*** Block opens ***

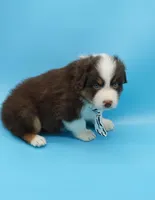 John, a male Australian Shepherd for sale in Dunnellon, FL – Photo 6 of 10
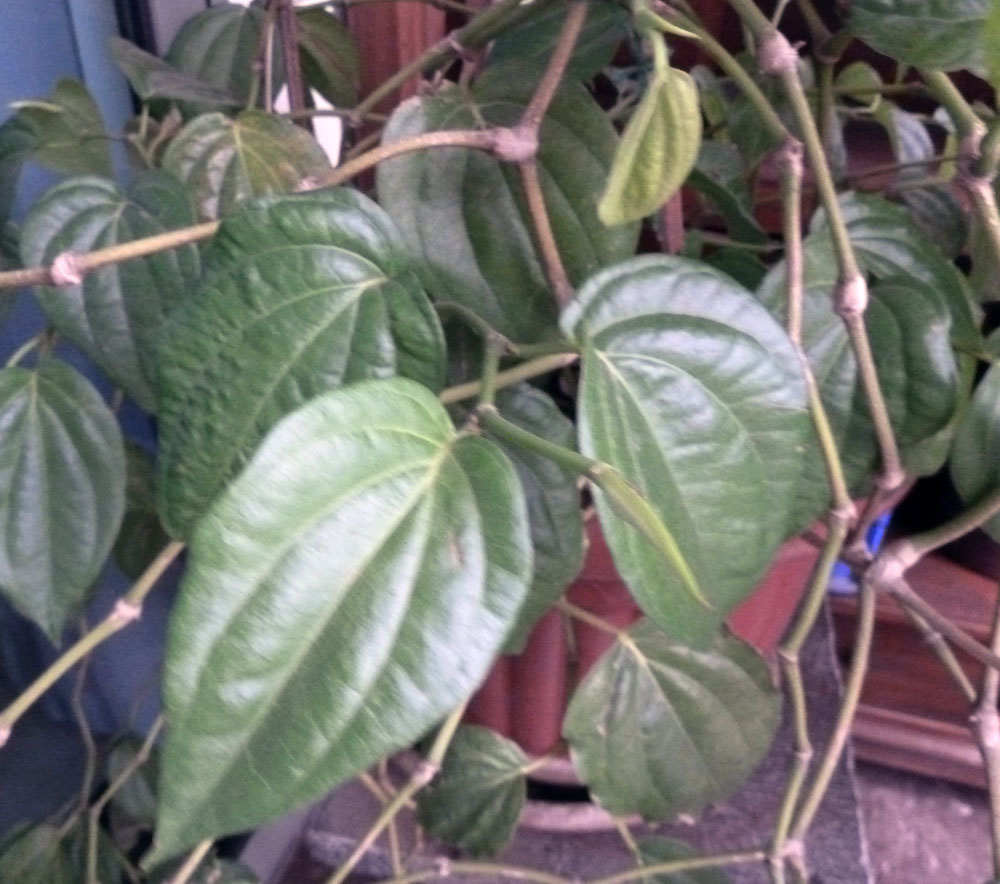 Betel Leaf Potted Plant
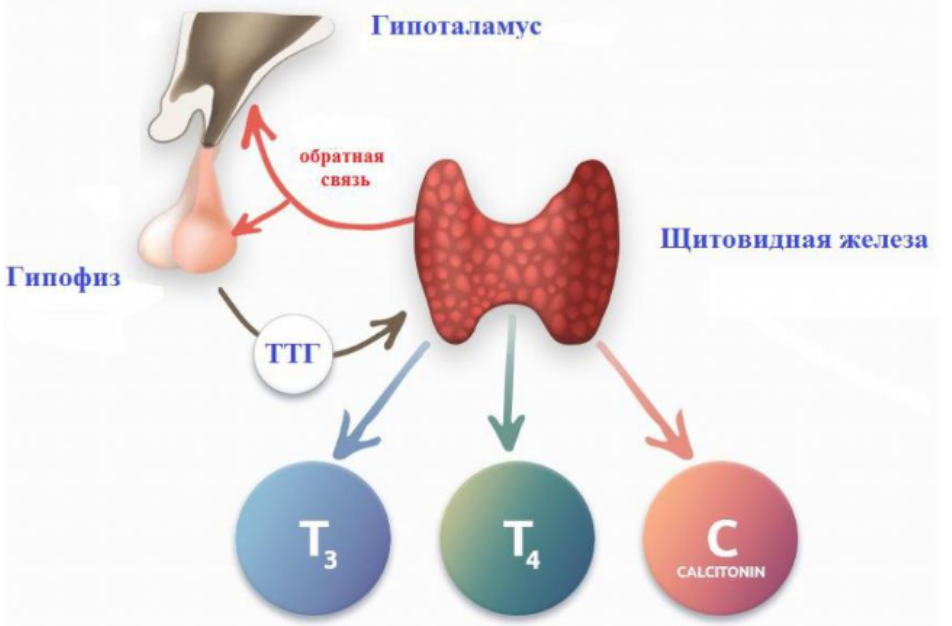 Схема выработки гормонов щитовидной железы. Схема образования гормонов щитовидной железы. Регуляция образования гормонов щитовидной железы. Гормоны щитовидной железы ТТГ.
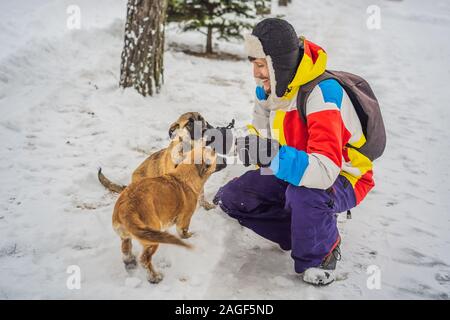 Junge männliche Snowboarder spielt mit Welpen bei einem Skigebiet im Winter Stockfoto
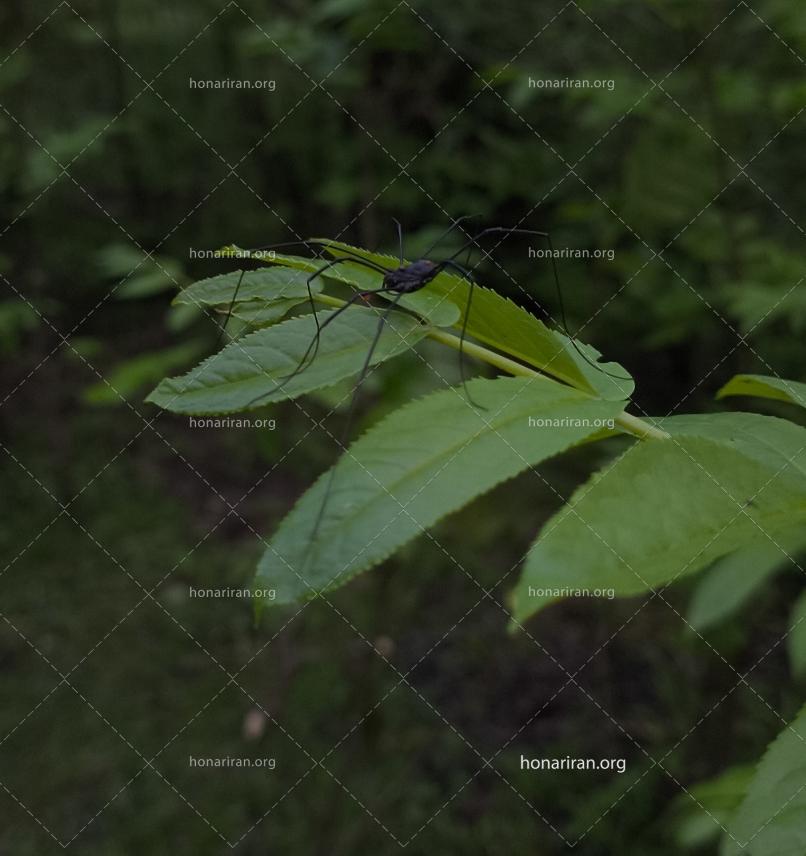 قطعه عکس عنکبوت در طبیعت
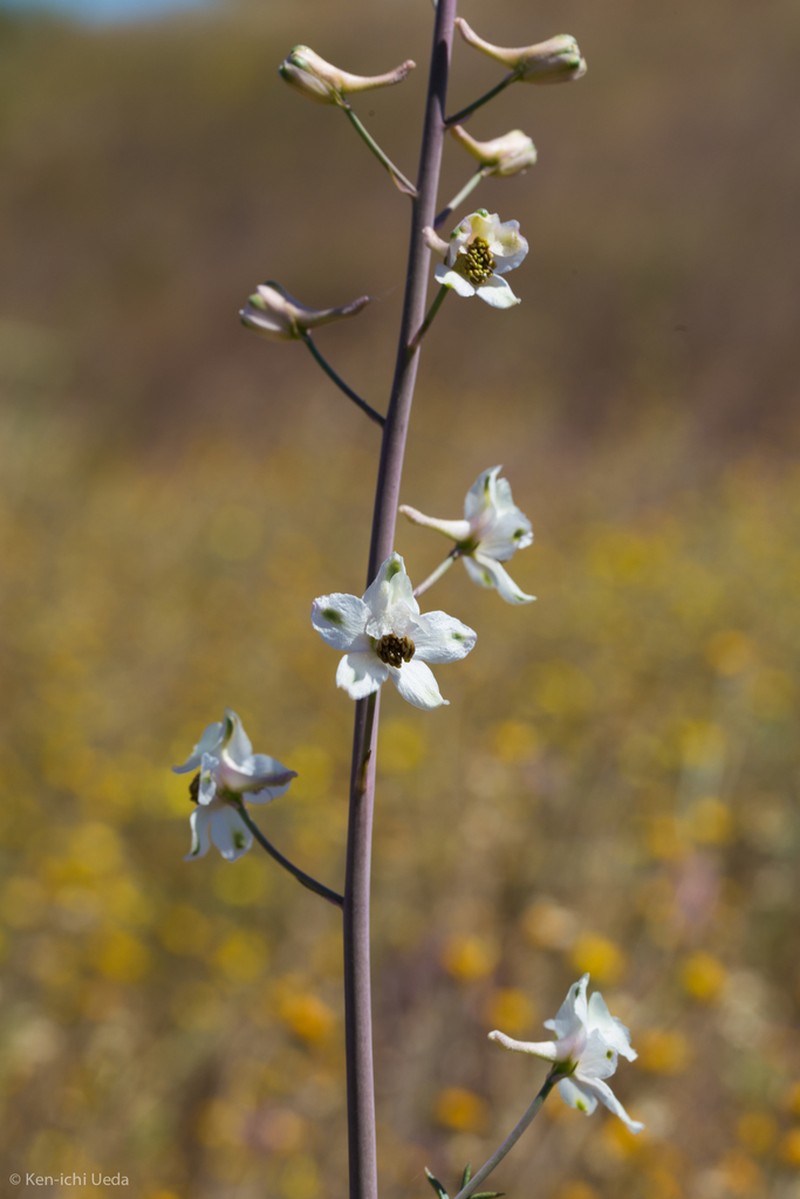 Pinoche Creek Larkspur photo 8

*** Block closes ***

_Instructions for the task_.
Your answer must be the exact lines from the one containing "Betel Leaf Potted Plant" through the last line of the records above, with both included and no pictures.

_Answer to this problem_.
 Betel Leaf Potted Plant
 Схема выработки гормонов щитовидной железы. Схема образования гормонов щитовидной железы. Регуляция образования гормонов щитовидной железы. Гормоны щитовидной железы ТТГ.
 Junge männliche Snowboarder spielt mit Welpen bei einem Skigebiet im Winter Stockfoto
 قطعه عکس عنکبوت در طبیعت
 Pinoche Creek Larkspur photo 8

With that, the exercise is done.